How/Why are libraries in LLVM_LINK_COMPONENTS ordered/repeated for correct linking ? How can I include a tool's dependency's dependences in it ?


I’d like to understand how CMake orders the libraries in LLVM_LINK_COMPONENTS for proper linking in the build command, and especially why it repeats some of them. This is in the context of a patch to link NVPTX libraries into bugpoint (D32003) for Polly when LLVM_POLLY_LINK_INTO_TOOLS=ON and POLLY_ENABLE_GPGPU_CODEGEN=ON.

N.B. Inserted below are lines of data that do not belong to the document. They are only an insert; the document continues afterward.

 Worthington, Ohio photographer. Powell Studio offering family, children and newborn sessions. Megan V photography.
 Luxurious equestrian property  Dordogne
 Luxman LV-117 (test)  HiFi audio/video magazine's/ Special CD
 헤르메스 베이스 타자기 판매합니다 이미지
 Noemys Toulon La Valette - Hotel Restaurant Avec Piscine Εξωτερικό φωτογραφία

This patch D31859 initialises the NVPTX backend within Polly when POLLY_ENABLE_GPGPU_CODEGEN=ON and requires the NVPTX libraries to be linked into the application or library that also links to Polly, e.g. opt, bugpoint. opt already links to the backend by adding ${LLVM_TARGETS_TO_BUILD} to LLVM_LINK_COMPONENTS. I had attempted to link NVPTX into bugpoint in similar ways (D32003#728913) and the build kept failing, before finding out that add_llvm_tool was linking the libraries in LLVM_LINK_COMPONENTS to bugpoint. It seemed that CMake was processing LLVM_LINK_COMPONENTS on bugpoint’s files before it did on Polly, and hence optimised out COMPONENTS (e.g. NVPTX) which weren’t required by bugpoint although required by Polly. Please correct me if I’m wrong here.

Is it possible to indicate to CMake to delay ordering the libraries in LLVM_LINK_COMPONENTS till Polly is linked to bugpoint ?
Or link Polly to bugpoint before the LINK_COMPONENTS ?
Or link NVPTX to bugpoint even if it didn’t contain any calls to the NVPTX back-end (like -Wl,–no-as-needed) ?

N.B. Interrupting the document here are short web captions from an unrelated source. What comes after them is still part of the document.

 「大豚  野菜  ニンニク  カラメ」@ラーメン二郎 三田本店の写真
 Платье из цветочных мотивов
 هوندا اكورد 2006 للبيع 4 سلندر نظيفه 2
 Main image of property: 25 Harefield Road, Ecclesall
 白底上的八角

Previous versions of the patch had target_link_libraries( bugpoint LLVMNVPTXTargetInfo …) right after target_link_libraries( bugpoint Polly) which did the job, but I was asked find a less complicated way of accomplishing the same thing.

It was interesting to find to some of the libraries repeated in the build command. Can anyone help me understand why this is the case ?

Thank You,

Linker semantics vary significantly by platform. The behavior you are describing is required for correctness with standard Unix semantics.

A standard Unix linker proceses command line arguments in the order they are listed. When it processes object files it includes them in the image it is generating by resolving unresolved symbols against the object file, and adding the object file’s unresolved symbols to the list of symbols to be resolved. When a library or archive is encountered it uses that library to resolve only the existing unresolved symbols. It does not pull in all symbols from the library. This means that when libraries have dependencies on other libraries you often need to repeat them in order to link correctly. To illustrate this concept better, let me give a more concrete example.

Let’s say se have a software project where we have libraries FooBar.a (comprised of Foo.c and Bar.c), and Baz.a (comprised of Baz.c), and we are linking those libraries into a tool named FooBarBaz. If your sources looked something like:


int Foo() {
return Baz();


int Bar() {
return 1


int Baz() {
return Bar();


int main(…) {
printf(“%i”, Foo());
return 0;

Your linker command will need to look like:

ld FooBarBaz.o -lFooBar -lBaz -lFooBar

The reason is because when the linker processes FooBarBaz.o it sees the unresolved symbol Foo, it then sees FooBar, which provides an implementation of Foo (which gets pulled in), but has an unresolved reference to Baz. When Baz is pulled in you end up with an unresolved reference to Bar, so you need to revisit FooBar.

So, that’s the basics of why CMake is doing what it is doing. The how is a little bit more complicated.

At a very basic level CMake has a concept called interface dependencies. The interface dependencies of a target are the libraries that you need to link whenever you link that target. In the example above FooBar would have an interface dependency on Baz, and Baz would have an interface dependency on FooBar.

When CMake constructs the linker command line for FooBarBaz it adds the interface dependencies of each library after the library is visited, and this is applied transitively. So, FooBarBaz links FooBar, which depends on Baz, which depends on FooBar which depends on Baz… When CMAke detects a cycle like that it stops after one repetition (that is a configurable value though). This results in a CMake-generated linker line being something like:

ld FooBarBaz.o -lFooBar -lBaz -lFooBar -lBaz

The second listing of Baz is not strictly required, but it is very hard to detect that in advance so CMake takes a conservative approach.

WRT the delaying question. Not really. CMake doesn’t expose direct control over interface library dependencies, and this is largely as a conservative way of ensuring deterministic and correct builds. Because it is possible that multiple libraries could provide different implementations of the same symbols (think link-once-ODRs), the ordering of libraries and the relation to each other impacts the correctness of the output. CMake’s approach is probably overly conservative for most situations, but without changing the behavior of CMake (the tool, not our config scripts), I don’t believe you can change this.

One other thing to point out is that we actually have two mechanisms for feeding library dependencies in LLVM. In CMake we specify the library dependencies, but we also specify the dependencies in the LLVMBuild.txt files which feed llvm-config. We also have a script that runs during CMake configuration that brings in LLVMBuild’s dependency graph and we also incorporate that into our linker dependencies.

Hope this answers your questions.